(Dataset section begins)
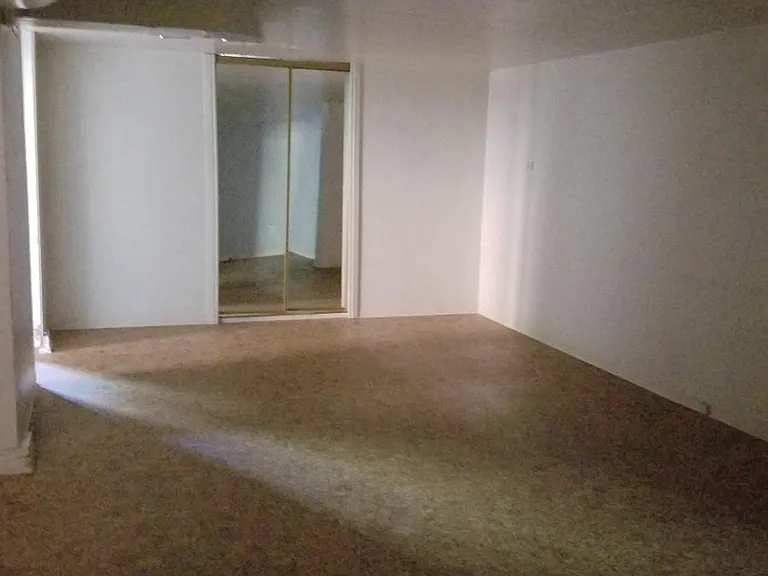 1327 Watt St — Photo 6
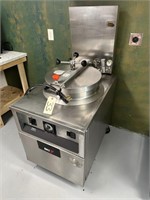BKI Pressure Fryer – 220 Volt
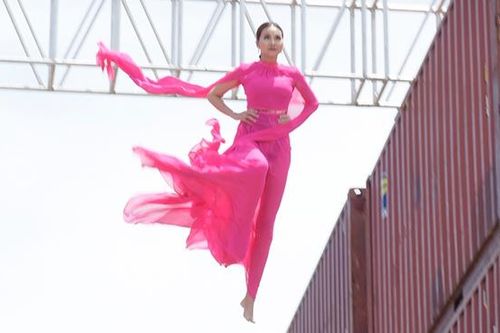 Thanh Hằng bị kéo lê dưới đất khi ghi hình Next Top Model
(Dataset section ends)
__Aim of the exercise__: Leaving each image aside, repeat the listing above exactly.

__Written reply__:
 1327 Watt St — Photo 6
BKI Pressure Fryer – 220 Volt
 Thanh Hằng bị kéo lê dưới đất khi ghi hình Next Top Model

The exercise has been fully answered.